Ma perché si sentiva il bisogno di una claque che guidasse il pubblico in sala? La risposta sta nei rapidi cambiamenti sociali avvenuti con la Rivoluzione francese.

Con l’Ancien Régime l’opera era un affare per nobili. A loro (soprattutto al re) erano riservati i posti migliori, cioè sul palco stesso. Costituivano, seduti di fronte agli attori, il vero spettacolo: a teatro si andava più che altro per vedere e farsi vedere, per chiacchierare, spettegolare e amoreggiare.

Le luci erano sempre accese (solo con Richard Wagner saranno abbassate), i rumori ammessi. Alcuni si lanciavano a cantare insieme al cantante. Capitava poi che lo spettacolo venisse interrotto dagli applausi che salutavano l’arrivo degli spettatori ritardatari, spesso quelli più importanti.
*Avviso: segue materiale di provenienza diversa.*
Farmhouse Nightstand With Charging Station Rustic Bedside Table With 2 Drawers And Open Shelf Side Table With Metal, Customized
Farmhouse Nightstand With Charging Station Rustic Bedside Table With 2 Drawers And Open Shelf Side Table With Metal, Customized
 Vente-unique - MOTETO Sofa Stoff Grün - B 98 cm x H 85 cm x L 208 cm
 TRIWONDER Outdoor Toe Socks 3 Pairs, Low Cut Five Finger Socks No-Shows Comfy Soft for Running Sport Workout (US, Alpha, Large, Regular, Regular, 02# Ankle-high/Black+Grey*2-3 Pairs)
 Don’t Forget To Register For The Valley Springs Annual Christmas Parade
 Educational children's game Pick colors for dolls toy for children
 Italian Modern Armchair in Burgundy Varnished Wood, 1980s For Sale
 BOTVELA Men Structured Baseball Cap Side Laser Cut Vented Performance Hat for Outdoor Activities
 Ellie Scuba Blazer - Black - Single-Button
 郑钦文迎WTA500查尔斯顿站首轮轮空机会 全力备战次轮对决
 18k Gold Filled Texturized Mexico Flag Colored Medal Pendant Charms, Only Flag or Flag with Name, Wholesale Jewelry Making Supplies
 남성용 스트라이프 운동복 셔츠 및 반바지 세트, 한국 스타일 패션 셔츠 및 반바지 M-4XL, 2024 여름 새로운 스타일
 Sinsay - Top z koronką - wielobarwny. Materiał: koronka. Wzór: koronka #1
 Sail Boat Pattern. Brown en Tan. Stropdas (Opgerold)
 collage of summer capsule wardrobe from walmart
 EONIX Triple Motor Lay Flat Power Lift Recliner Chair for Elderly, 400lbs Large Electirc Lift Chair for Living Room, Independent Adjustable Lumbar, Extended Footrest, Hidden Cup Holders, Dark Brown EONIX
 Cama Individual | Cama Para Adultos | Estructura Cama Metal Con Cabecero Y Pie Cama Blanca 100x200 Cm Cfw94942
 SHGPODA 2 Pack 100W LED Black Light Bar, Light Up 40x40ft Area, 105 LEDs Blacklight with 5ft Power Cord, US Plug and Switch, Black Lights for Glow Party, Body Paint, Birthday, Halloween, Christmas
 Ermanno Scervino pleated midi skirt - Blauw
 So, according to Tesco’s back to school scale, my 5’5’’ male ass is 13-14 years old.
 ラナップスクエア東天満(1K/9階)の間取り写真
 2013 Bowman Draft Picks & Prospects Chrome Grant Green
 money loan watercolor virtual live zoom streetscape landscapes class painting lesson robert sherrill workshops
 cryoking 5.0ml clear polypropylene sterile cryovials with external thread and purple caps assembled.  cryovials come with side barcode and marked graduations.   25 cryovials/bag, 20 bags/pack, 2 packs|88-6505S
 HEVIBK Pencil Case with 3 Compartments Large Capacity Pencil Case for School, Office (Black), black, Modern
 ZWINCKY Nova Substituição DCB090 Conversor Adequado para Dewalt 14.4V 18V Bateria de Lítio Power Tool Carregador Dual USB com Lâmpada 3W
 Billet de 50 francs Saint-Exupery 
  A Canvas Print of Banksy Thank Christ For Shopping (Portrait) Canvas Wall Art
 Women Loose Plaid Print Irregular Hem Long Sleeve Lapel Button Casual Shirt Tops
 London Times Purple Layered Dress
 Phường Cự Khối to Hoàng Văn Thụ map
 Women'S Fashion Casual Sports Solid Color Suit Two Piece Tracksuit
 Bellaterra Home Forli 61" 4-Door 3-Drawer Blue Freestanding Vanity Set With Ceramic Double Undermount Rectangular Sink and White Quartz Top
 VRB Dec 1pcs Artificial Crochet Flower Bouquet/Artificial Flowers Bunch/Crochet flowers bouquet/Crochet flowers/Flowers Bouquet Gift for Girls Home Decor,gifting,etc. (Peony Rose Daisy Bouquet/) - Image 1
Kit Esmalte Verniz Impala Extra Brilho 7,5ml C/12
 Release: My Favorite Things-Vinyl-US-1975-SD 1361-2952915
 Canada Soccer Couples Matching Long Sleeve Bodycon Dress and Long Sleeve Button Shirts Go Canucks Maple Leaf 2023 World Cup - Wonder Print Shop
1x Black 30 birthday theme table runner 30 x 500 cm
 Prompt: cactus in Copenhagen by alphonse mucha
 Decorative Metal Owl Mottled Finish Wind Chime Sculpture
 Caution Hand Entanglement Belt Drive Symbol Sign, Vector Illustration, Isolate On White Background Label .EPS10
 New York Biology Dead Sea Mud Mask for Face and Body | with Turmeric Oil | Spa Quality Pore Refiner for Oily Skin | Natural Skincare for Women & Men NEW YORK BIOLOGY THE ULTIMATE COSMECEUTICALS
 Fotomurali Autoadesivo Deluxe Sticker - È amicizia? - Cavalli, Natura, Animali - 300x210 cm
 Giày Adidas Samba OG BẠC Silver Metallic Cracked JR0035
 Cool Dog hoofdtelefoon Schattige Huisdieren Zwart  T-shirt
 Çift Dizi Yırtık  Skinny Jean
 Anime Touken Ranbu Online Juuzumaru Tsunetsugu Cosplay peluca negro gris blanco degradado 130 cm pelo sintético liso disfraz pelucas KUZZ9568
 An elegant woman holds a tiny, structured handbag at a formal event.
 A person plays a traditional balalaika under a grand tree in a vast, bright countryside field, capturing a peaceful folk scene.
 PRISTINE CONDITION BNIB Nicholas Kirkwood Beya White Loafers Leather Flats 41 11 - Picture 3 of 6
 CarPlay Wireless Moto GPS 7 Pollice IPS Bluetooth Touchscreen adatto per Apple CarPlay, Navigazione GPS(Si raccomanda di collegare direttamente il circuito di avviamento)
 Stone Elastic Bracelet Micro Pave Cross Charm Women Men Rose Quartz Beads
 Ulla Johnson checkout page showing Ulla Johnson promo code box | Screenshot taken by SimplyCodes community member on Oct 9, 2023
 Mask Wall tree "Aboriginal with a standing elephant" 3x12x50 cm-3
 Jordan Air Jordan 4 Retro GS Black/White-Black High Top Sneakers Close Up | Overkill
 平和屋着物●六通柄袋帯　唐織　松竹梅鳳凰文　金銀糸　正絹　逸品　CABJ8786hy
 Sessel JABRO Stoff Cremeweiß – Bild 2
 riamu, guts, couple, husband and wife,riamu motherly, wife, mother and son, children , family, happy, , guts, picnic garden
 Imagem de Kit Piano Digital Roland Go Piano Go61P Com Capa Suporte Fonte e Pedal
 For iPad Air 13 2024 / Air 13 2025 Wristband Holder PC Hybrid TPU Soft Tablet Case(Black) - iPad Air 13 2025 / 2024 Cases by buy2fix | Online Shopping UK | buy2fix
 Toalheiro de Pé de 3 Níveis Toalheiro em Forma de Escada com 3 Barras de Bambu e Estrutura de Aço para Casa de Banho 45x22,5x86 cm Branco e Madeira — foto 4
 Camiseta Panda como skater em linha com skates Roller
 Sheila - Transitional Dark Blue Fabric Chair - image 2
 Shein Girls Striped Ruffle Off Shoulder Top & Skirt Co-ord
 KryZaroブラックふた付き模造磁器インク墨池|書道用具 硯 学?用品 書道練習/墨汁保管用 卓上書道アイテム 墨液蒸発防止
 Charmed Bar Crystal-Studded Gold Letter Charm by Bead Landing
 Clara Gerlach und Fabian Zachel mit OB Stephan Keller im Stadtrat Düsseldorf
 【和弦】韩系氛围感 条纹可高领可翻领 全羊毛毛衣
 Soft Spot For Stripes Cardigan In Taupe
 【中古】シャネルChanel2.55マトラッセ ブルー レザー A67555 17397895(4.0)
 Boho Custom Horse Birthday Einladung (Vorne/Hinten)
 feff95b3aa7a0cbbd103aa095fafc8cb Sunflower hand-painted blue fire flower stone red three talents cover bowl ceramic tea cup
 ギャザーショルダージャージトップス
Nel giro di 20 anni tutto cambia. Il declino della nobiltà lascia il posto – alla lettera – a un pubblico borghese, con abitudini diverse e desideroso di mostrare il suo interesse per la cultura.

Ma, come si scrive qui, non avevano la stessa confidenza degli aristocratici. In poche parole, avevano bisogno di influencer. La claque nasce per questo: orientare gli applausi e, in ultima analisi, i gusti di un pubblico novello che andava educato.

Non è un caso che, nella stessa epoca, nasca anche la figura del critico teatrale: «Serve per creare un consenso diffuso di gusti e giudizi, ma è necessario solo quando le fondamenta di questi giudizi non sono più sicuri», scrive lo storico Nicolas Till.

Lo sconvolgimento dei valori avvenuto negli anni precedenti aveva portato a un cambiamento anche sul lato estetico. La nuova classe sociale doveva ancora capire cosa andava visto e cosa no, oltre che imparare cosa se ne dovesse pensare.